◆ Caption-style text data ◆
+ + + + + + +
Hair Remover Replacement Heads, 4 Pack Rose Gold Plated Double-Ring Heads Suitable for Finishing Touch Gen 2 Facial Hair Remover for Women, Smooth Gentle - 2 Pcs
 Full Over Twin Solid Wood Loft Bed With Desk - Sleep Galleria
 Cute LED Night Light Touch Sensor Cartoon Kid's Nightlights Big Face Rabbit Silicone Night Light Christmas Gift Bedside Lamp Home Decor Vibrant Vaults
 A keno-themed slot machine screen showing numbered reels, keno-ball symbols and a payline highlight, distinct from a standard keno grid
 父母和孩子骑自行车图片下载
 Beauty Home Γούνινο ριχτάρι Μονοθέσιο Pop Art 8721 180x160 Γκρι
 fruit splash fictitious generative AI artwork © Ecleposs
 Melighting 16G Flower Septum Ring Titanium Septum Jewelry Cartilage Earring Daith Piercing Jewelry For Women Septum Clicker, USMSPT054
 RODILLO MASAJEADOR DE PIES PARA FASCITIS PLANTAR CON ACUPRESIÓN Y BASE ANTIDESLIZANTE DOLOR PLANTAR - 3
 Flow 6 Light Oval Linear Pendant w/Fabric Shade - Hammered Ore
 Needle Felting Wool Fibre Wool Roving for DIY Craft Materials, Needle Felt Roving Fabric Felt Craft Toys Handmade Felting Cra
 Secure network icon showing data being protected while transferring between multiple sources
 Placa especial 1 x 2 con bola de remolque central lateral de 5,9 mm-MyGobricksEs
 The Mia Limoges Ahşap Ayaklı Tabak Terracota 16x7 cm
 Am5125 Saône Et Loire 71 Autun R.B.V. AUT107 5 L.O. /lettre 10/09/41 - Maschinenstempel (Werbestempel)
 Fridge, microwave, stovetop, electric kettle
+ + + + + + +
All lines in the records that contain "Touch" are to be copied and returned.

◆ RESULT OF THE TASK ◆
Hair Remover Replacement Heads, 4 Pack Rose Gold Plated Double-Ring Heads Suitable for Finishing Touch Gen 2 Facial Hair Remover for Women, Smooth Gentle - 2 Pcs
 Cute LED Night Light Touch Sensor Cartoon Kid's Nightlights Big Face Rabbit Silicone Night Light Christmas Gift Bedside Lamp Home Decor Vibrant Vaults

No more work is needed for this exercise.